● EXERCISE: Your answer must consist of the lines running from the one that holds "MIRABELLE BREAKS THE" to the end of the data, copied exactly.

"""

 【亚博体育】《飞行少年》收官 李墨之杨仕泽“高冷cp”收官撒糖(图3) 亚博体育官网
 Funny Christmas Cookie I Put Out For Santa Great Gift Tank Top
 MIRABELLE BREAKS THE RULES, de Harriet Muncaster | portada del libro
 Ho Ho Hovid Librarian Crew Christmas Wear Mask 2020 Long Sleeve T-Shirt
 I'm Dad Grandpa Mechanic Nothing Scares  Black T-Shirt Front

"""

● RESULT:
 MIRABELLE BREAKS THE RULES, de Harriet Muncaster | portada del libro
 Ho Ho Hovid Librarian Crew Christmas Wear Mask 2020 Long Sleeve T-Shirt
 I'm Dad Grandpa Mechanic Nothing Scares  Black T-Shirt Front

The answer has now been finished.